WHAT TO PRODUCE: From the line with "異世界召喚され、直後に追放＆殺害予告をされたので全力で逃げます【電子単行本版】 / 2（デジカタ編集部）" to the line with "LINE Payの使えるお店", retype each line exactly as it stands in the records below, but skip the pictures.

MATERIAL FOR THIS TASK:
[Start of Attachment]
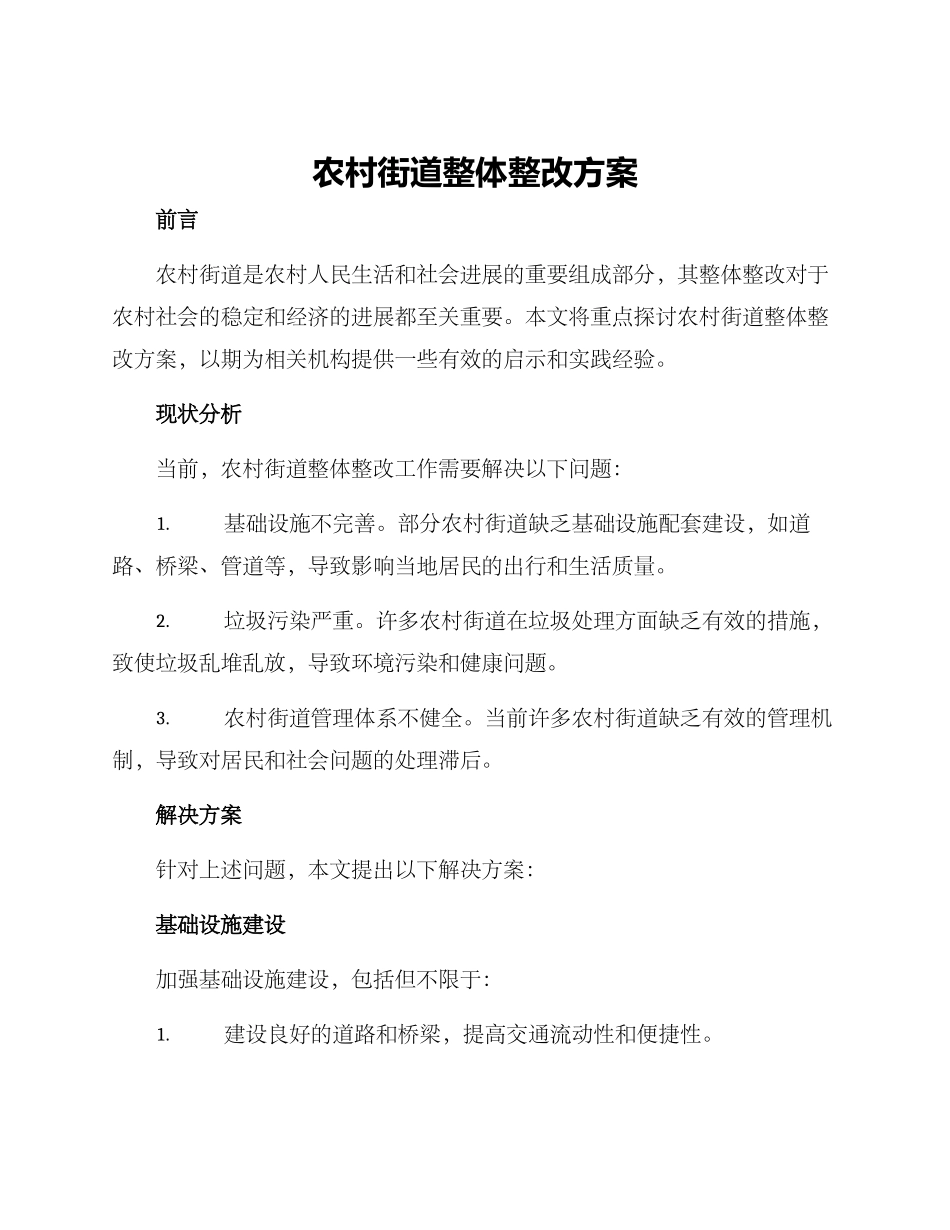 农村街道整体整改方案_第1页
[End of Attachment]
[Start of Attachment]
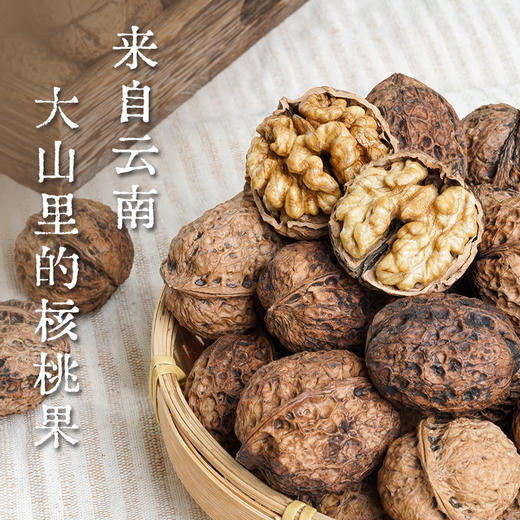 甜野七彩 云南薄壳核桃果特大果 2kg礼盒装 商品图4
[End of Attachment]
[Start of Attachment]
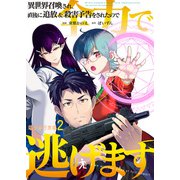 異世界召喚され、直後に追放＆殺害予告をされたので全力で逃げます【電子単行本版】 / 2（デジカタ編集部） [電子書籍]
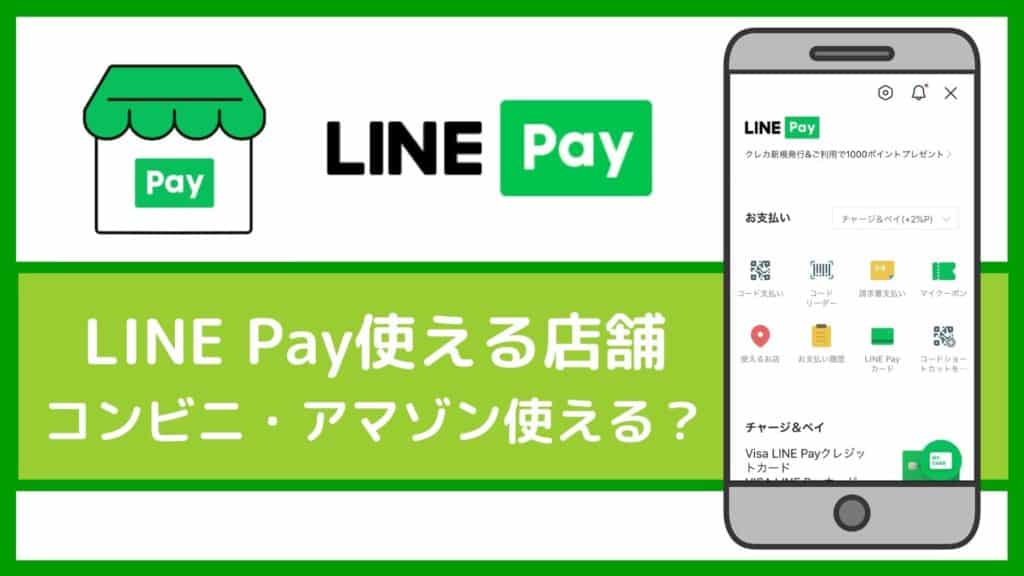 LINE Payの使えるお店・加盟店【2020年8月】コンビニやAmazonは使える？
[End of Attachment]
SOLVED PROBLEM:
 異世界召喚され、直後に追放＆殺害予告をされたので全力で逃げます【電子単行本版】 / 2（デジカタ編集部） [電子書籍]
 LINE Payの使えるお店・加盟店【2020年8月】コンビニやAmazonは使える？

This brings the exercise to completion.